Krishnakumar, Jaya (1); Chavez Juarez, Florian (2) (2017). 'An agent based modelling of multidimensional capabilities and an evaluation of their estimation by structural equation models' Paper presented at the annual conference of the HDCA, Cape Town 2017.
The empirical operationalisation remains a key challenge for the capability approach. Structural equation models (SEM) have been increasingly used to estimate the unobserved capabilities. However, the appropriateness of this approach still subject to discussion. In a previous study (Krishnakumar and Chávez Juárez, 2016, Social Indicators Research) we used an innovative approach to simulate a real life scenario using an agent-based model and then evaluate the performance of SEM methodology by comparing the estimates to the ‘true’ values we have previously simulated. Being the first one of its kind in this domain, the study was focussed on the suitability of the methodology for capturing capabilities, by adopting a relatively simplistic view of the real world: a single dimension of well-being namely education and some basic behavioural assumptions of the different agents.

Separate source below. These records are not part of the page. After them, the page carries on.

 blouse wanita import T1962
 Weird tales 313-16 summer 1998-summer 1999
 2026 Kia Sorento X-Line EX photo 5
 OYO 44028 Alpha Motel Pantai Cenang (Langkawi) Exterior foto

In this study, we extend this previous work in two major directions that bring the model much closer to a real life situation. First, by adding the health and social relations dimensions and by introducing links among the different dimensions, thus obtaining a multidimensional model with three wellbeing dimensions. Second, we model this artificial world much closer to reality by calibrating many processes using actual data and by initiating the model with a true population. In this respect, we use the Mexican Family Life Survey to build our initial population and to estimate various phenomena we include in the model. These phenomena include the wage structure of the economy, the age-dependent health shocks, the education dependent fertility rates and so on. Finally, we also explore different ways of conceptualising capabilities in our modelling framework, and make comparisons among them. A first approach is based on the notion potential achievements, where we simulate both the actual outcome and simultaneously the potential outcome. We then consider the potential outcome as a measure of capabilities. The second approach is based on the notion of choices, where we capture for every period the set of choices individuals and families had. We also capture interaction effects among the different dimensions.

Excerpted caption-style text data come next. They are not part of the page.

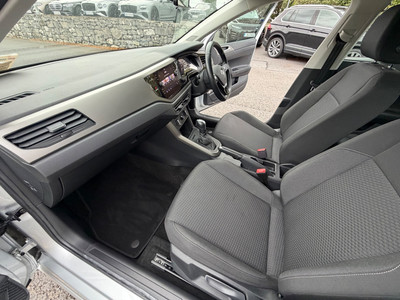 2021 Volkswagen Polo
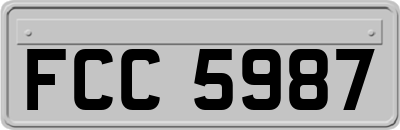 FCC5987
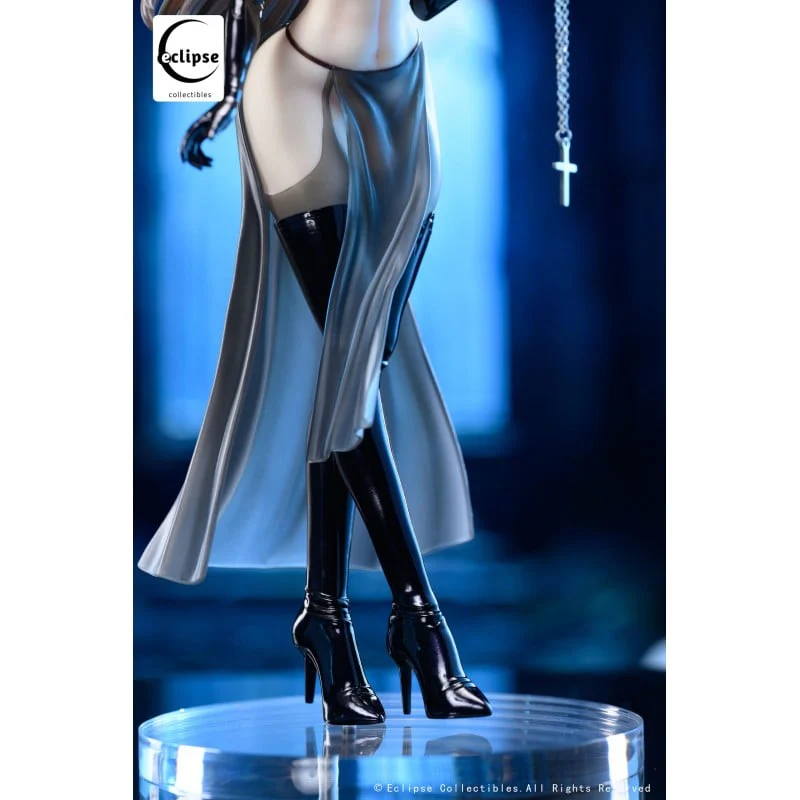 [Pre-order] Original Character - Virtuous Nun Grace 1/7 Scale Figure Eclipse Collectibles - Image 17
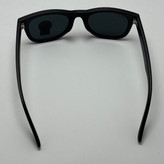 عینک آفتابی ریبن ویفرر شیشه سنگ مشکی مات به همراه پک کامل ریبن Rayban WAYFARER RB 0502S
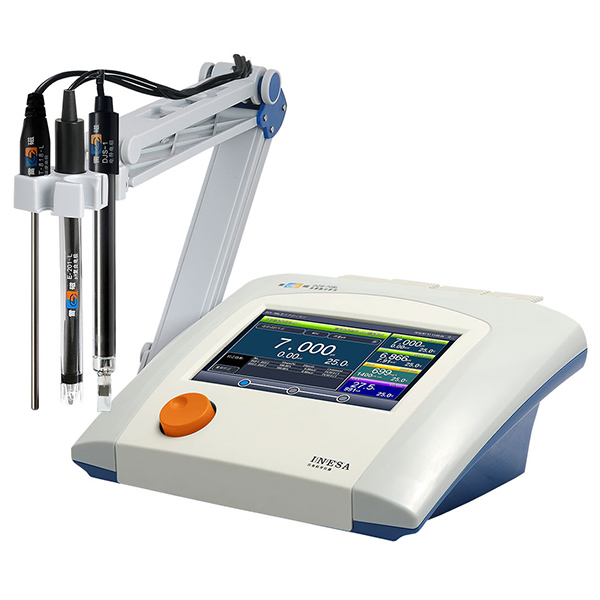 DZS-708L多參數(shù)水質分析儀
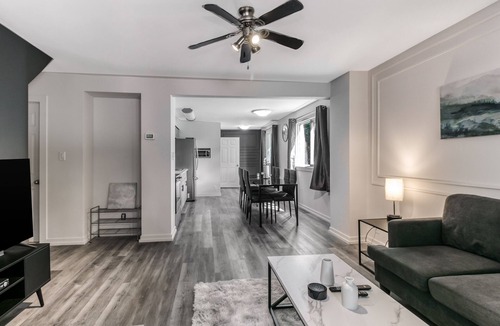 Sudbury House | Gorgeous House in Minnow Lake, 10 minutes from dt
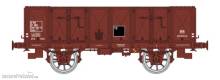 REE Modeles WB-837 - OCEM 19 Gondola, steel, N° 21 87 534 6 587-9 SNCF Era IV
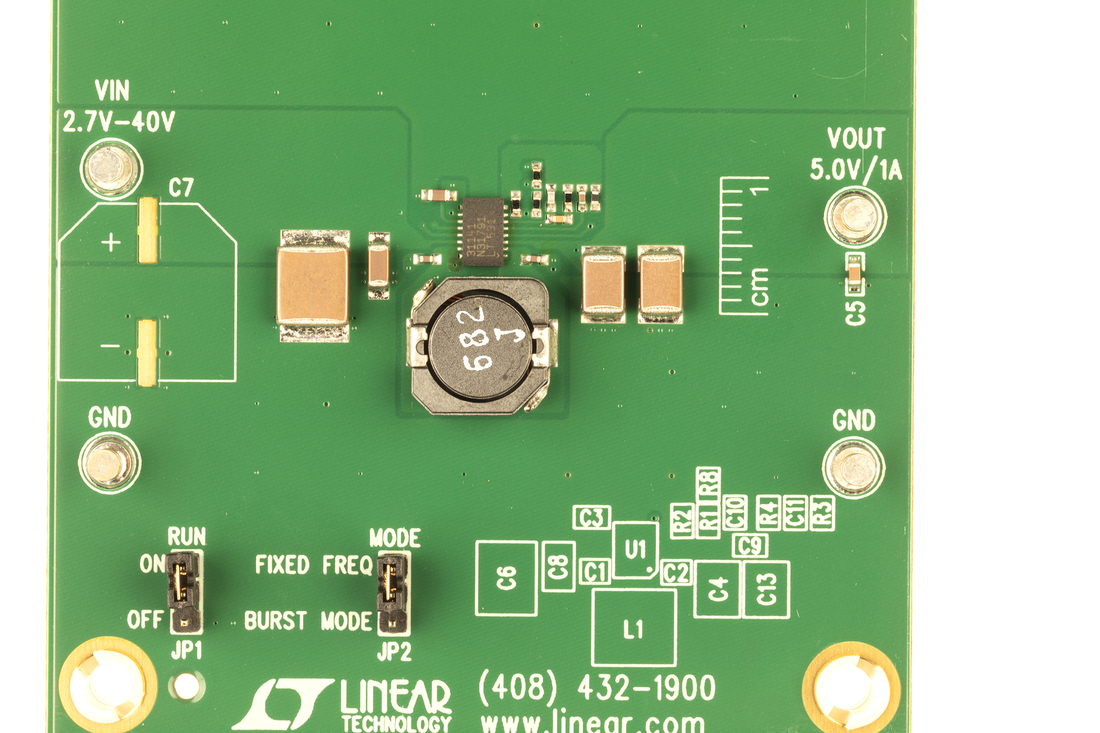 DC1821B Demo Board
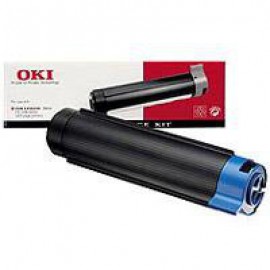 TONER NEGRO OKI 09002386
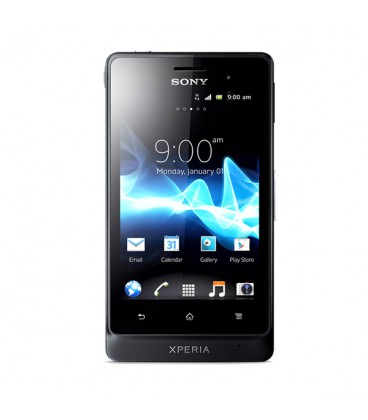 گوشی موبایل سونی Xperia go دو سیم کارت ظرفیت 4 گیگابایت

For the initialisation, we use information on the family structure, the type of locality where the family lives and individual level indicators such as age, education, cognitive abilities, gender, the role in the family and the type of school they are attending. Using this complete information enables us to start with a population that is very closed to the actual population in Mexico, including all the heterogeneities that might be present.

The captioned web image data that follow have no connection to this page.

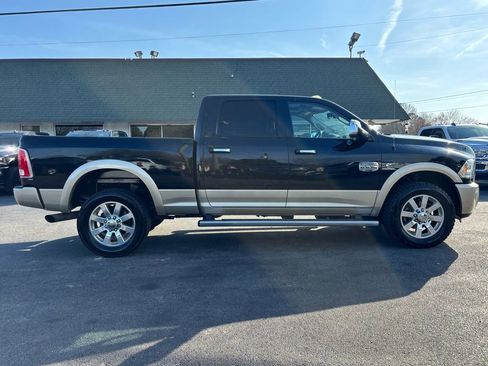 Used 2017 RAM 3500 Laramie Longhorn w/ Convenience Group RWD image 3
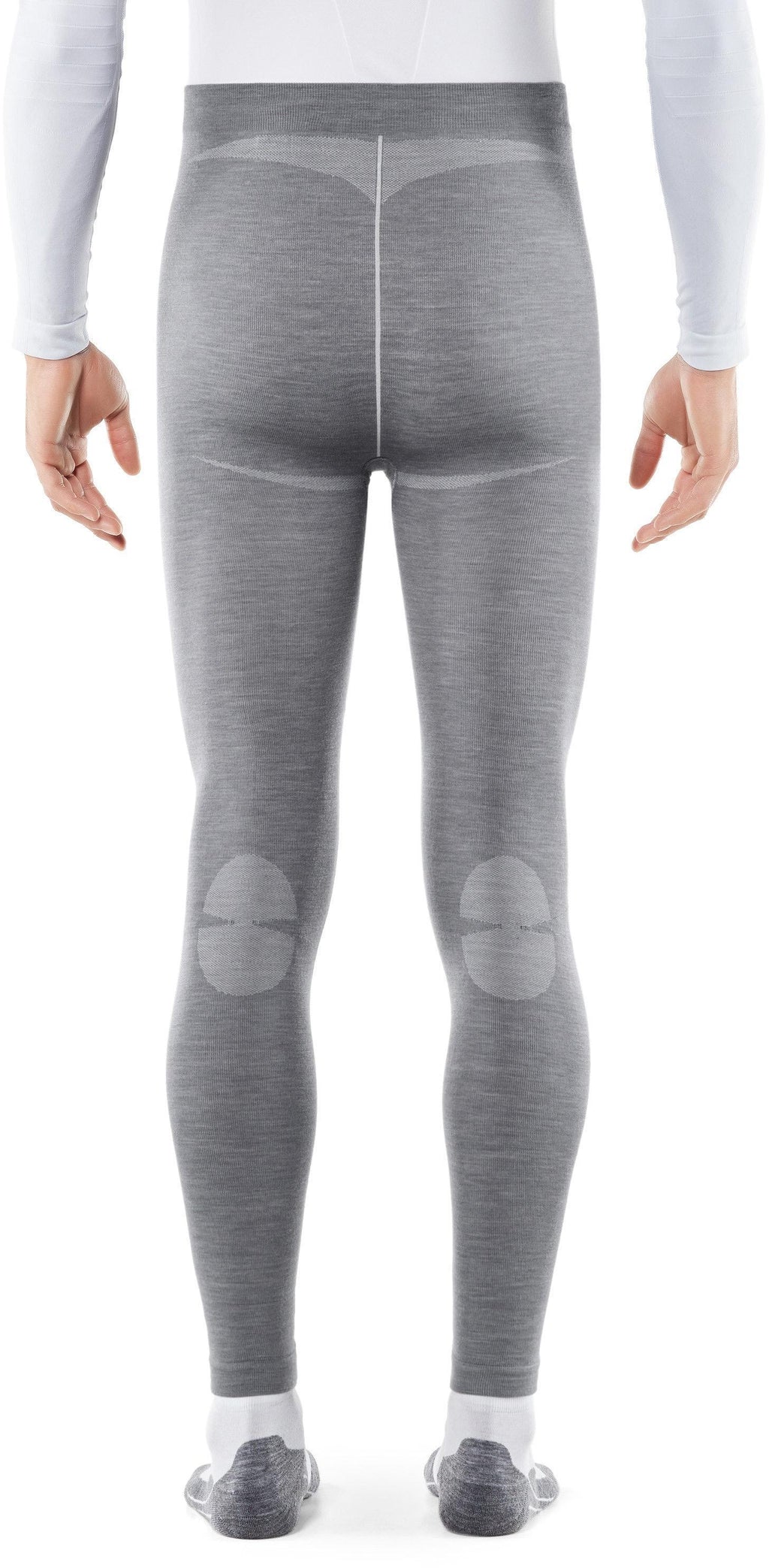 long tight wool tech men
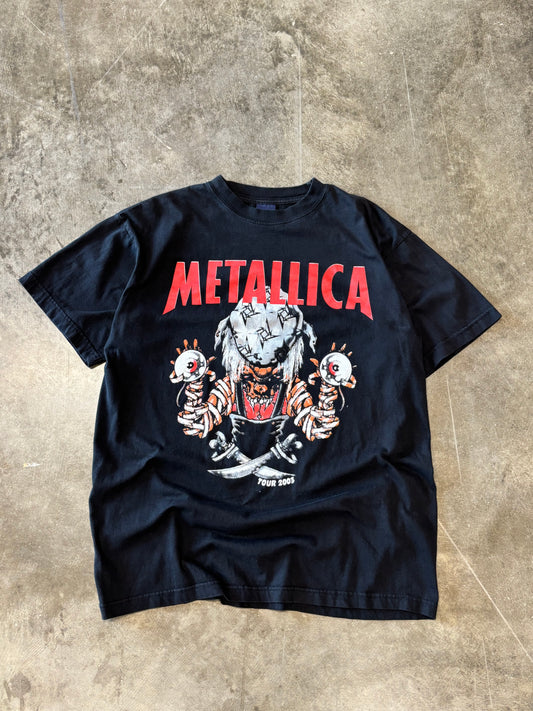 Vintage Metallica 2003 Shirt size large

Once the model is initiated, education and health decisions are taken on an annual basis and the model is simulated for a long period of time. Our model contains an elaborate process of human capital accumulation by which previous human capital, health and cognitive abilities determine how much a child learns in a given school year.
The model reproduces several key distributions according to the observed data. For instance, our implementation of the human capital accumulation reproduces the distribution of years of education quite coherently. The age structure of the population is also reproduced over the simulated periods. Overall, the data generated by the model looks very similar to actual data from a country like Mexico, with the important difference that we can also observe generally unobservable variables such as capabilities and sets of choices.
Several outcome indicators are being considered for representing functionnings, such as years of education, type of schooling and the number of repeated grades in the education dimension, the number and intensity of health shocks and the amount of health care expenditures in the health dimension, and the size and quality of the social networks for the social relations dimension. All these variables are generally available in real world data, but do not directly relate to capabilities.
We then use these indicators to estimate the underlying capabilities by the means of two econometric approaches. First, we use conventional latent variable models to estimate capabilities defined by the notion of potential achievements (e.g. potential human capital). Second, we use latent class models to estimate capabilities according to the set of choices approach. In both cases, we will then compare the estimated capabilities to the true (simulated) capabilities in our model and assess the quality of the estimation.
Currently we are programming the last details of the models and expect to have the econometric results by the end of April 2017. Based on some preliminary analyses and the insights from our previous study, we expect both approaches to provide good estimates of the underlying capabilities.